Faber, il Principe e quel gioiello di “Volume 8”

1 Novembre 2014 0 , , , , 0

Sono tanti, innumerevoli i dischi a cui sono particolarmente affezionato. Ma se dovessi mai stilare un’ipotetica top ten relativa ai miei album preferiti in assoluto, non potrei assolutamente escludere da tale classifica un disco come “Volume 8” di De André. Per quanto sia da sempre legato all’ultimo Faber, ovvero a quello che va da “L’Indiano” ad “Anime Salve”, ritengo estremamente affascinante e sublime “Volume 8”, seppur molto “ordinato” ed essenziale negli arrangiamenti.
Adoro incredibilmente le atmosfere di questo lavoro che Faber pubblicò ad un solo anno da “Canzoni” e a due da quell’altro capolavoro pazzesco che ha fatto la storia della musica italiana, ovvero “Storia Di Un Impiegato”.
“Volume 8” rappresenta uno spartiacque importante nella carriera di De André perché con molta probabilità è il suo disco più influenzato dalle sonorità folk provenienti dall’area anglosassone. Diciamo che con questo album De André si distaccò definitivamente dalla musica trobadorica che tanto aveva caratterizzato i suoi lavori precedenti.
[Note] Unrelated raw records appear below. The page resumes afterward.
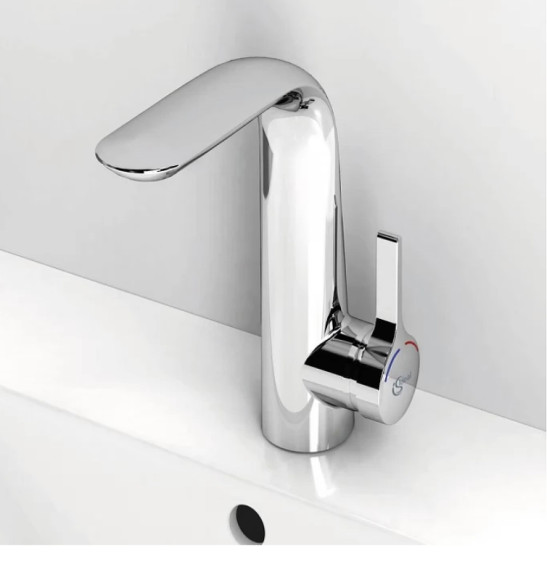 Смеситель для раковины Ideal Standard Melange A6041AA Хром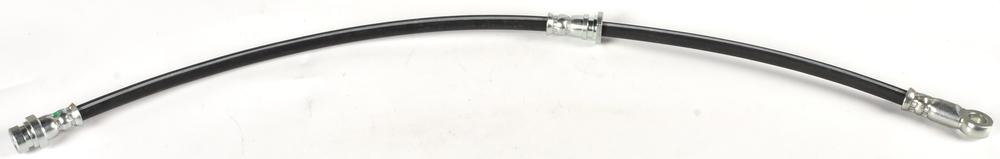 DBA Street Series Brake Hose to suit Mitsubishi Pajero NS 3.8L Rear Both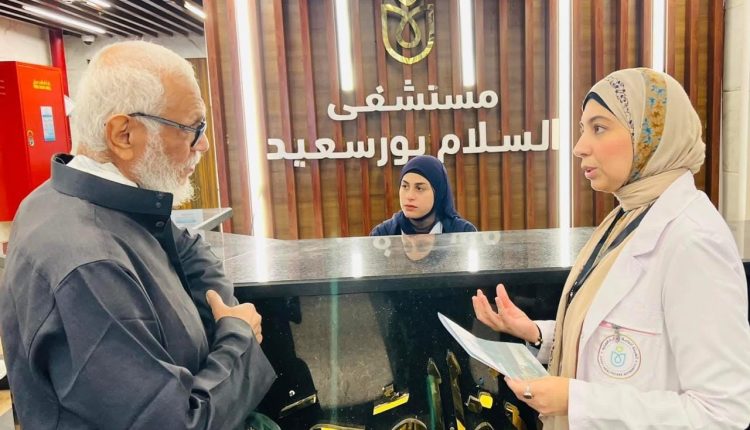 جانب من الفعاليات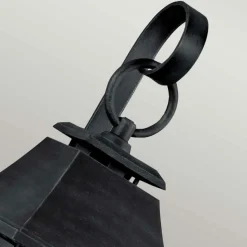 Sklep Kaja Kinkiet, ciemny postarzany cynk FE-SHEPHERD-2M z serii SHEPHERD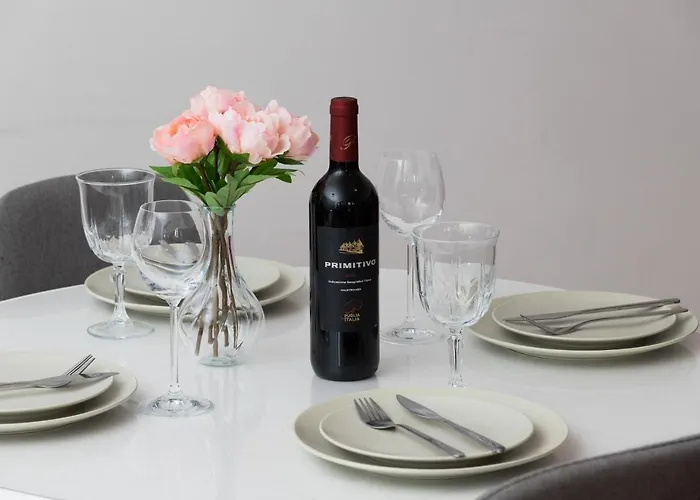 公寓 Zatoka Gorny By Renters *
E bisogna dire che tale virata stilistica si palesò grazie soprattutto alla collaborazione con Francesco De Gregori, uno che già da anni masticava il folk di gente come Dylan e Cohen, inserendolo puntualmente nelle canzoni che buttava giù agli esordi.
Prima di iniziare a scrivere i brani destinati a finire in quello che sarebbe stato “Volume 8”, De André chiese a De Gregori di prendere parte alla composizione dei pezzi. De Gregori al tempo era poco più che un ventenne, visto che parliamo del 1974. Il Principe era reduce dalla pubblicazione di due soli album solisti andati benino, e ancora doveva partorire una creatura come “Rimmel”. Ma a quanto pare De André aveva fiducia in lui. Lo stimava, ed evidentemente tra di loro c’era un bel rapporto, una grande sintonia, nata dai fugaci incontri avvenuti al Folkstudio, dove De André si recava spesso quando passava a Roma.

Volume 8Alla fine De Gregori non si lasciò scappare un’occasione del genere, e se ne andò in Sardegna con De André a scrivere, dando poi vita ad un album profondissimo, fatto di canzoni straordinarie come Oceano, Canzone Per L’Estate, Le Storie Di Ieri e poi le due composizioni interamente scritte da De André, vale a dire Giugno ’73 e Amico Fragile.
Pensare a Faber e al Principe che lavorano insieme mi fa sempre un certo effetto. Quando ascolto “Volume 8” penso al periodo di lavorazione che l’ha contraddistinto. Penso alle serate che hanno passato insieme in quella casa sul mare a buttare giù accordi e parole. Fantastico continuamente circa le loro conversazioni sulla vita, le loro aspettative sul disco che sarebbe venuto fuori. I loro dubbi sul disco. E poi penso alle abitudini che avevano, alle centinaia di sigarette fumate e le bottiglie di vino svuotate. Penso al Faber insonne e al De Gregori che la mattina prendeva il motorino per andarsi a fare un giro in paese in attesa che l’altro si svegliasse per mettersi a lavorare. Che meraviglia. Chissà che aria si respirava dentro quella casa, chissà se poi c’erano ogni tanto tensioni tra di loro. D’altronde Faber aveva un bel caratterino, e in più era sempre preoccupato e nervoso durante la lavorazione di un album, soprattutto per via delle pressioni da parte dei discografici. E pure De Gregori non è mai stato da meno in tal senso. Deve essere stato un grande onore per lui lavorare al fianco di André. Mi immagino la sua emozione nel ritrovarselo di fronte con la chitarra e a comporre insieme, lui che di Faber era innanzitutto un estimatore, un fan.